This week’s unit was looking at Project Management for DH. The work of DH in itself by its very nature is collaborative, and hence project management skills are an invaluable asset when you are tasked to work on a project with a deliverable, different authors, stakholders, and a budget.
Our readings for the week emphasized the collaboratory nature of DH; Griffin’s article, and to a lesser extent, Tabak’s, emphasized this issue and how different styles of project management help to tease out multiple layers of a given project and the associated specialists who lead them.
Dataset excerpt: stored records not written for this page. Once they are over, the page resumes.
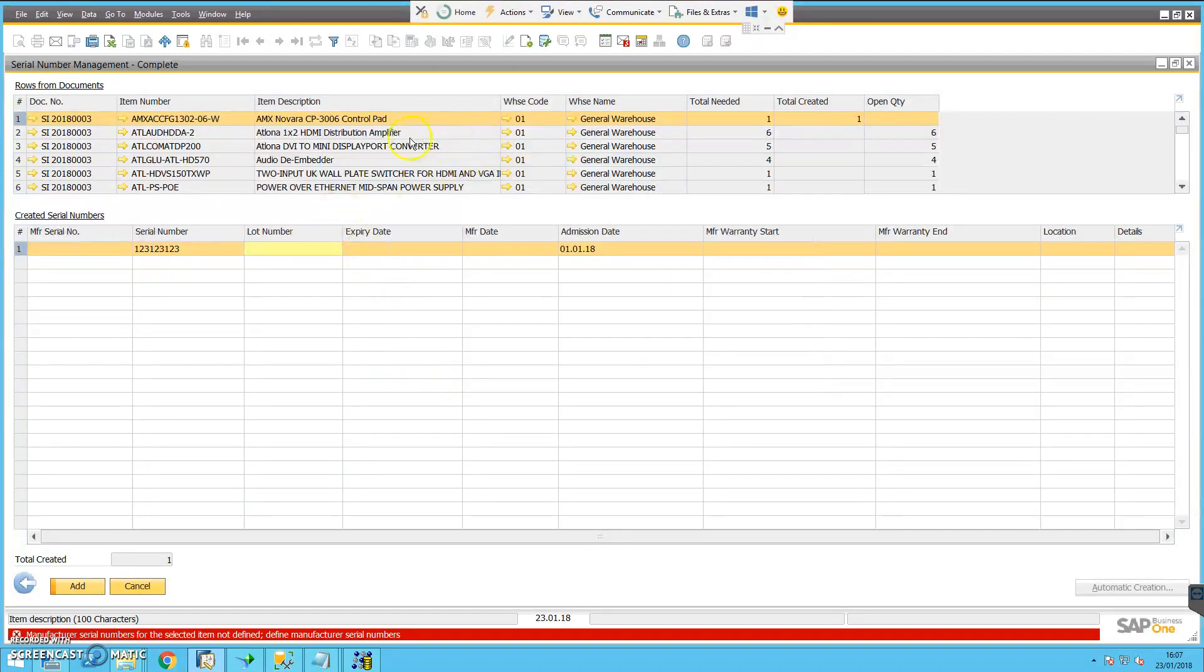For the next item then, I would need to click the add button and move on to the next item.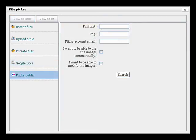Finally, you can access your Flickr pictures right from within Moodle to upload to discussion forums or any other course activity.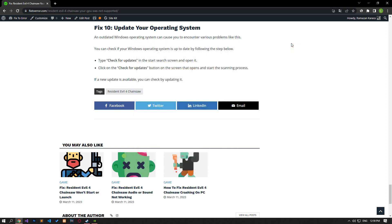In this video, we have provided information on how to fix the Resident Evil 4 Chainsaw 'Your GPU was not supported' error. For more fixes, you can support the channel by subscribing. See you in the next video.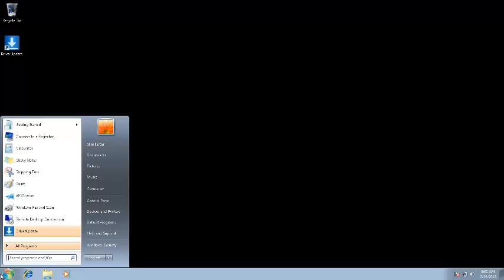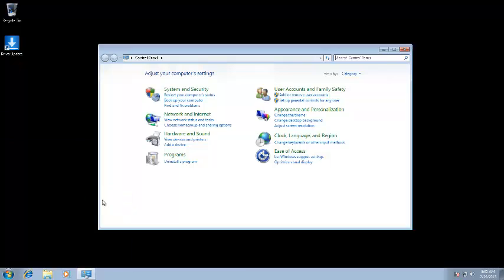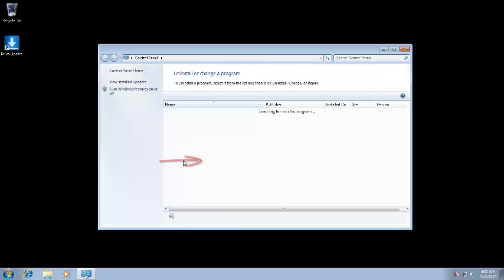Now you are ready to uninstall Driver Update from your computer. Go to the Start menu, and then Control Panel. From here, click on Uninstall a Program under the Programs icon.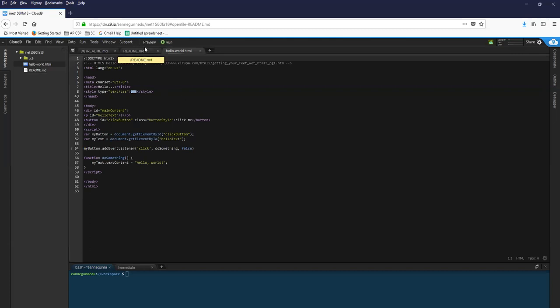One is to preview it. And for very simple pages that works great. So I'm going to click the preview button and do a live preview.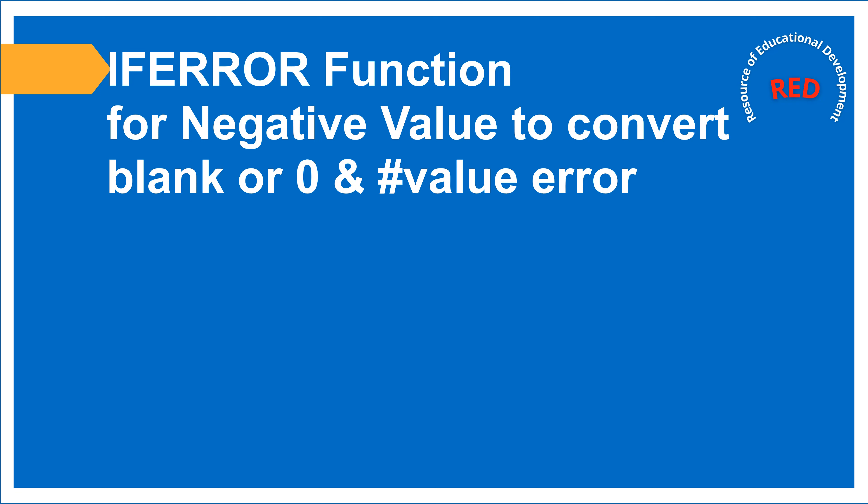Hello everyone, welcome to you on my channel. Today we are going to learn if error function for negative values to convert blank or zero and fix number value error.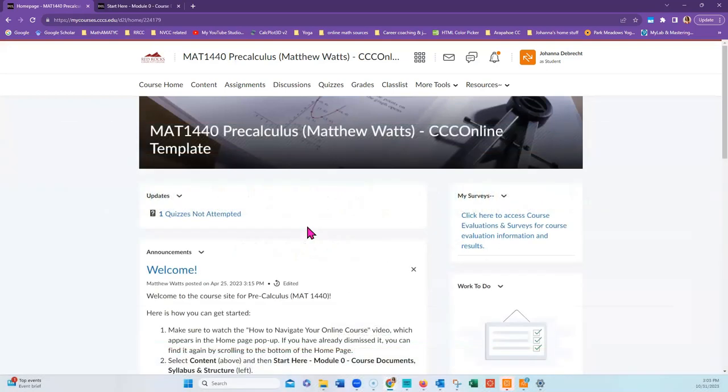When you first log into your D2L shell, you're going to see a pop-up window. Make sure that you watch the videos that are inside the pop-up window so you know how to navigate the course.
Griffin got a little heady and philosophical when they started discussing the new materialities that present themselves as a result of working online, and the whole idea of “non-human agency,” questioning if the project itself has its own agency.
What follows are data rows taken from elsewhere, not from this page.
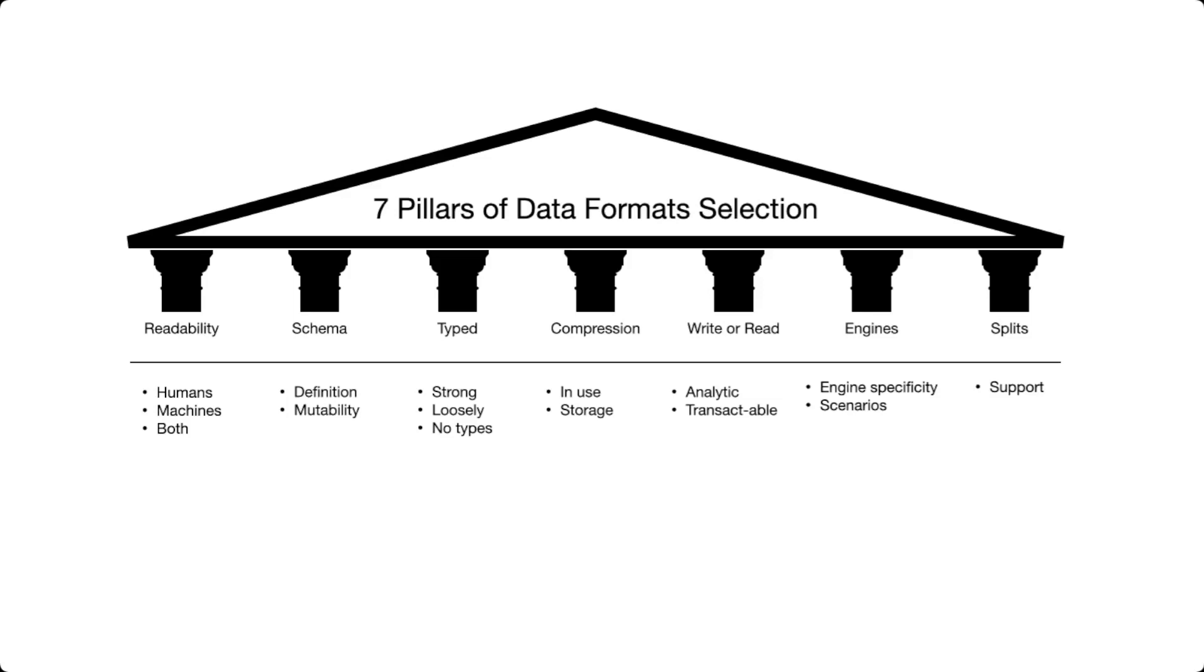In the next video, we are going to look at some data formats that are used in big data that have some of the characteristics described here.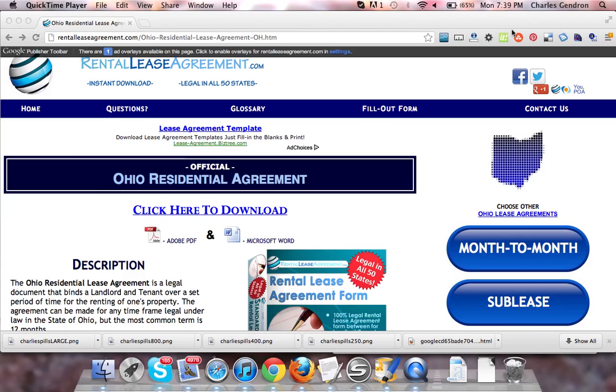Hi, welcome to RentalLeaseAgreement.com. In this video, we'll be talking about the Ohio Residential Lease Agreement.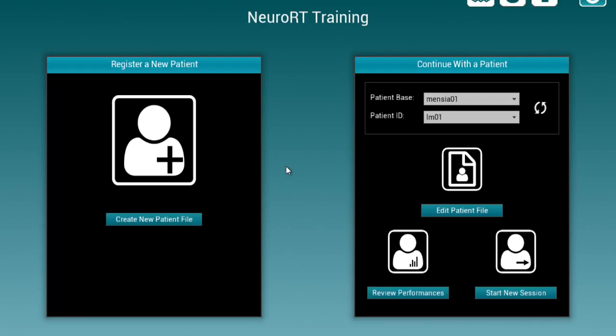Welcome to Neuro-RT Training. This video is going to give you a brief walkthrough of Neuro-RT training capacities. This software has been designed for neurofeedback practitioners.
Having spent seven years working for the Federal government as an environmental protection specialist, I served most often in the role of project manager, where I would help organize a team (within our agency or of sub contractors) to complete an environmental assessment of some kind. Environmental assessments, under the directiong of the National Environmental Policy Act (NEPA), must take into account the environmental impacts of Federal projects for various regulated resources (e.g., air quality, water quality, endangered species, cultural resources, etc). Each area is typically addressed by a subject matter expert, and all of the data must be compiled and presented in a single document for public comment. This means there are lots of stakeholders involved, and since NEPA is a public process, stakeholder management is a key element. In my time at the USDOT, we managed our projects using Microsoft Project. While a bit clunky at first, I soon grew comfortable with the different charts and linkages that could be created and connected to a project. And, since most of our work was jointly managed by different Federal agencies, exteriorly directed scope creep became all too common. And I learned to re-baseline my projects thusly.
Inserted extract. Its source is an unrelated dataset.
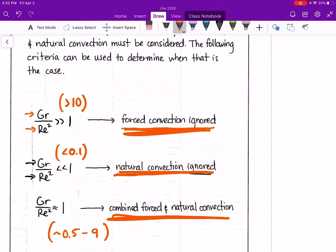Instead of immediately jumping into an example problem, I'm going to end the video here. In a separate video I will work out an example problem to help illustrate heat transfer by natural convection. You can end this video and then when I upload the example problem video, take a break, do something else, and come back to watch that example video.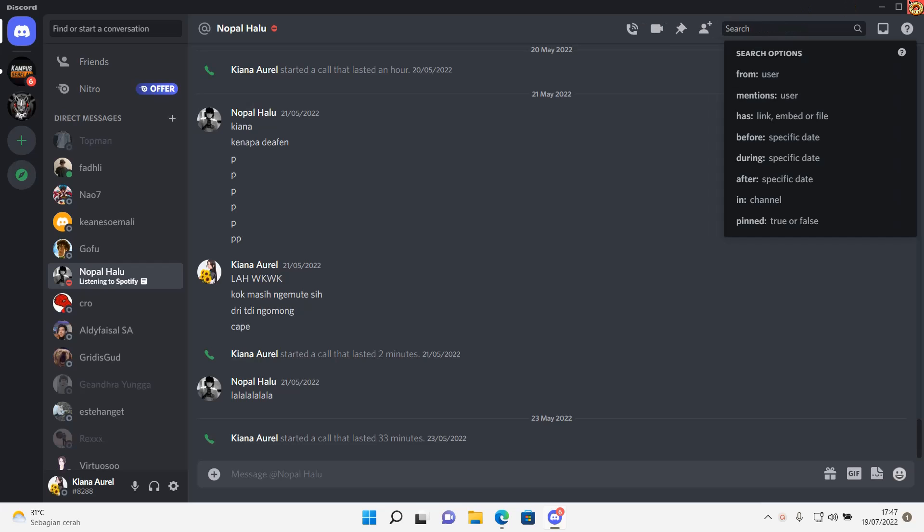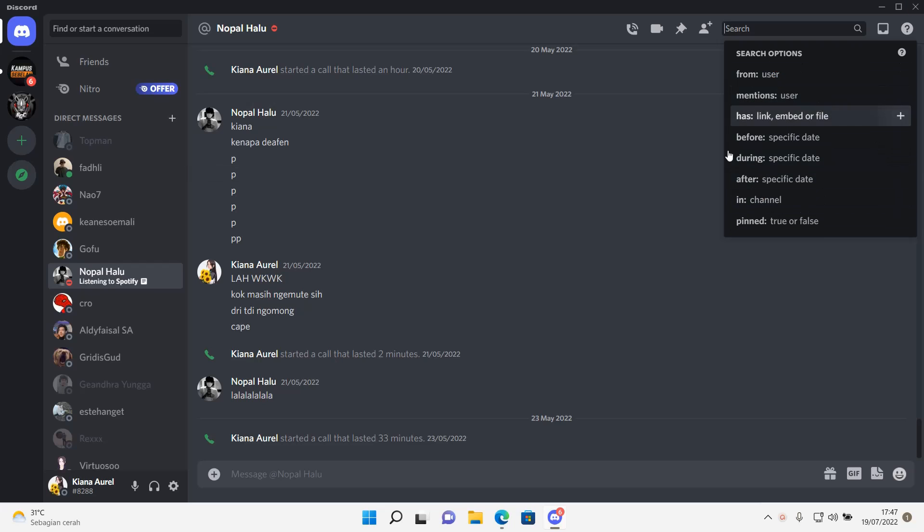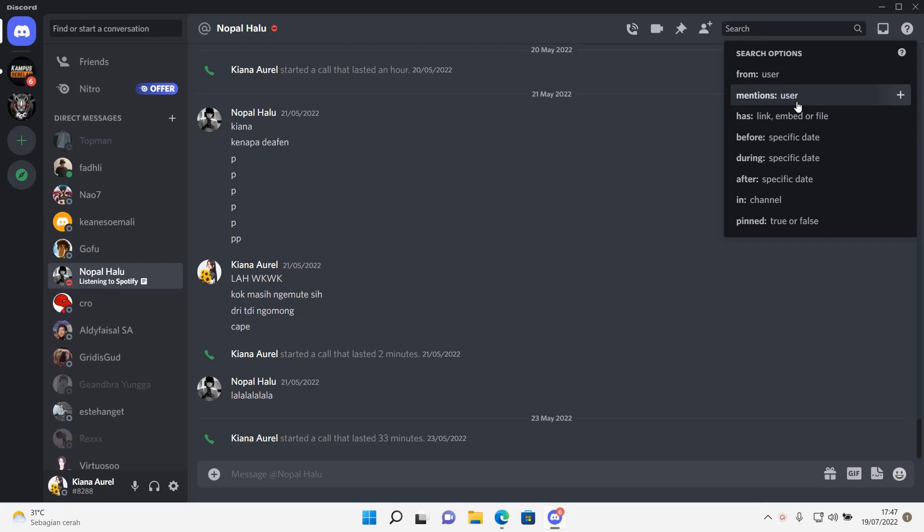I'm just going to quickly select a chat right here, and then I am going to go up here to the search bar. There's these search options you can choose.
Given my experience, I was familiar with the concepts presented in Dr. Otis’ lecture. I had not been formally introduced to Basecamp or Trello before, and this module presented a great introduction to these applications. I wish this module had been a mandatory lesson much earlier in the semester as I feel it will be quite valuable to our group project, and I had been too intimidated to try much with Basecamp before. After adding our project, the in-app wizard made the process extremely easy and I now see the utility in the tool (though I still don’t like the visual layout of the main page and find something non-intuitive about it). Trello, by comparison, was quite similar but I would argue even less intuitive (though perhaps more visually interesting) in their project main page. But it had its own strengths in the color-coded card system that could be employed for better management. Both of these applications seemed great for collaborative research projects, but for larger budgeted projects with more team members, I like the traditional methods that Project presents in terms of the Gantt chart and planning out person hours.
Gabrielle Griffin and Matt Steven Hayler, “Collaboration in Digital Humanities Research – Persisting Silences,” Digital Humanities Quarterly 12, no 1 (2018).
Edin Tabak, “A Hybrid Model for Managing DH Projects,” Digital Humanities Quarterly 11, no 1 (2017).